National Broadband Ireland (NBI) are building an individual wholesale high speed fibre network to serve the NBP Intervention area, which includes 564K premises, equating to connecting circa 1.1 million people across Ireland.

Over 431,900K premises are Available to Order or Pre-Order today and the remaining premises are actively being progressed to the detailed build phases to ensure they are connected by the end of deployment.

In relation to the reference to fibre cabinets, it is important to note that NBI does not use fibre cabinets as they are traditionally used in other Network implementations. These are generally associated with earlier ‘fibre to the cabinet’ deployments, which are different in design from NBI’s fibre to the premises network.

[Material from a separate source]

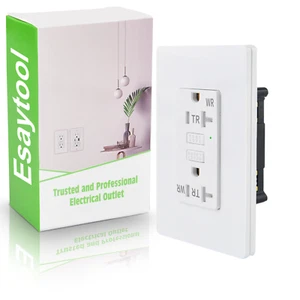 Paquete de 1 toma de corriente GFCI blanca 15A/125V receptáculo de pared resistente a manipulaciones TR WR ETL delgado - Imagen 1 de 8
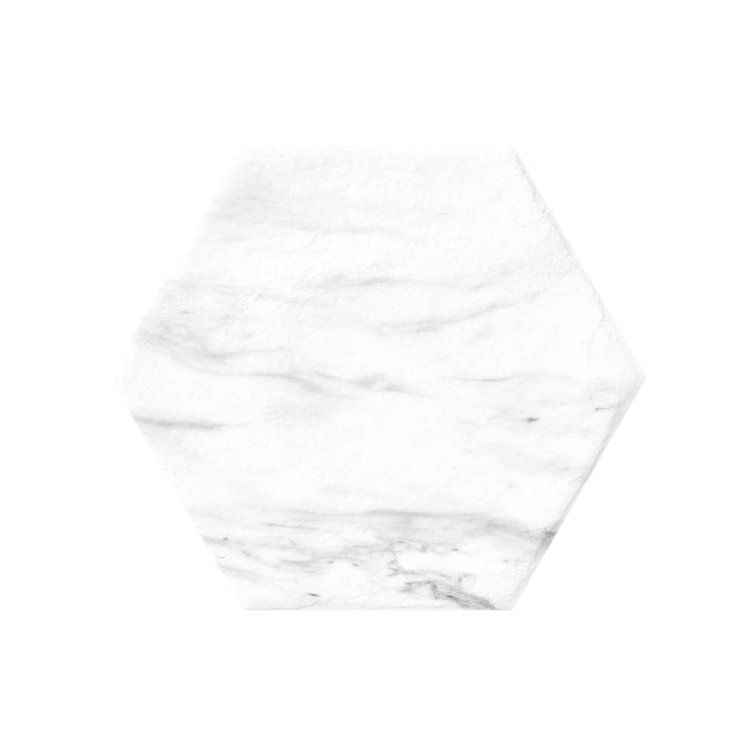 9" x 8" White Porcelain Marble Look Hexagon Tile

NBI do use existing physical infrastructure where possible to locate its equipment in the Intervention Area, but where this existing infrastructure is capacity constrained or limited in any way, NBI add new infrastructure to house this.

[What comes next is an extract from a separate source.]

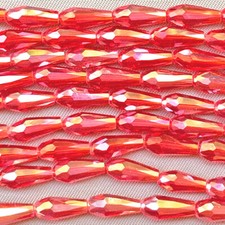 Red AB Light Red 10x4mm Small Teardrop Chinese Crystal Glass Q54 Beads Per Pkg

Fibre to the premises is a more futureproofed network, in line with the requirements set out in the National Broadband Plan. It delivers higher speeds and more consistent performance, giving households, businesses and communities the reliability and performance that is needed for working from home, cloud services, business applications and seamless streaming.

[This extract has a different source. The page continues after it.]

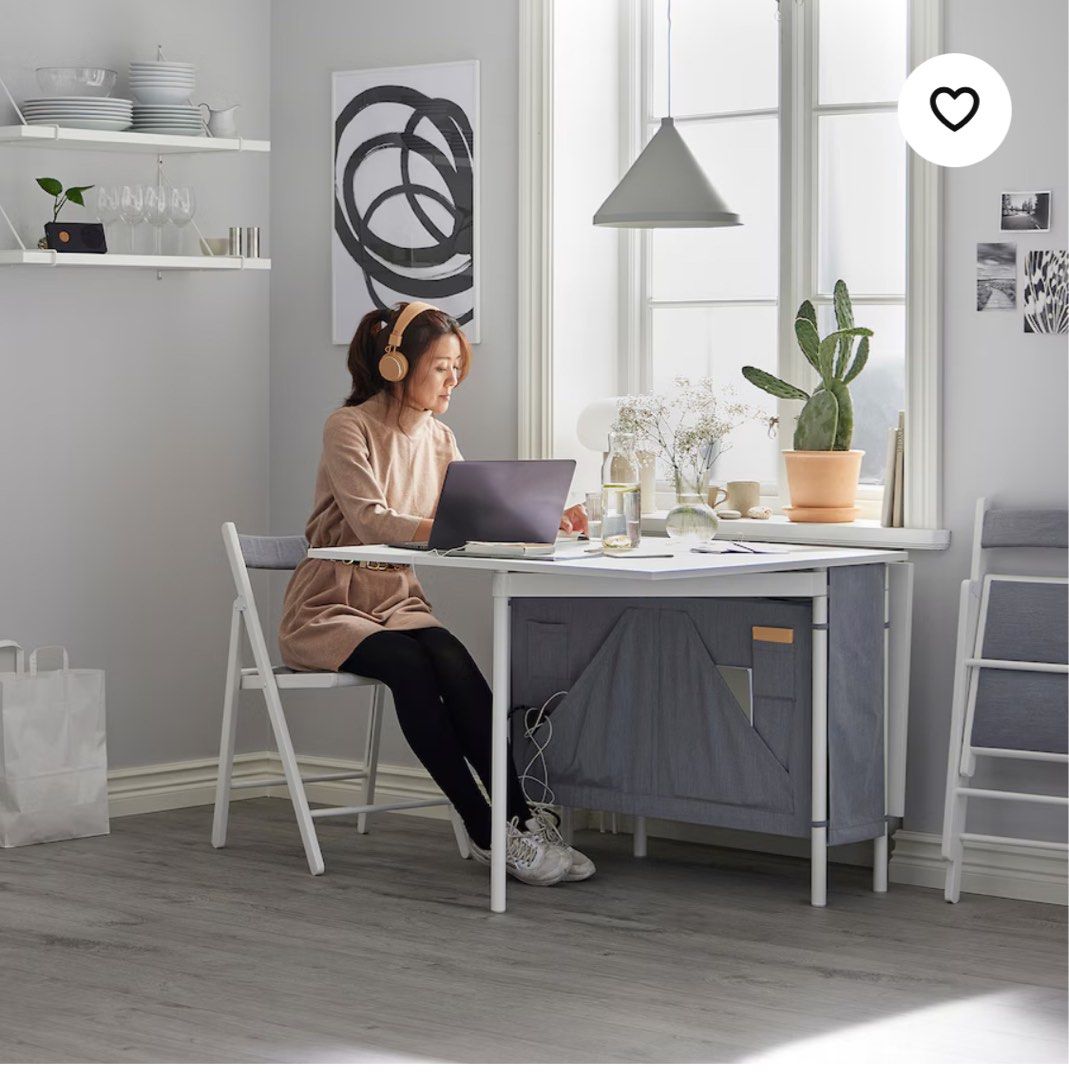 IKEA KALLHALL Gateleg table with storage, white/light grey, Furniture ...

On the question of capacity, the NBI network has been carefully designed with full deployment measured and indeed has gone further to prepare for the future.

To allow for natural growth, NBI has included an additional 25 per cent fibre capacity across the network to ensure that new premises can be connected promptly using this additional fibre capacity. This can be seen in how the rollout has grown over time. At the start of the Project, the Intervention Area included 537K premises. Today, the Intervention area covers more than 564K premises, with an additional 25% capacity.

In short, the NBI rollout is not only delivering high speed fibre connections today but is also designed with appropriate built-in capacity and flexibility to support the growth of our communities, our businesses and our economy in the years to come.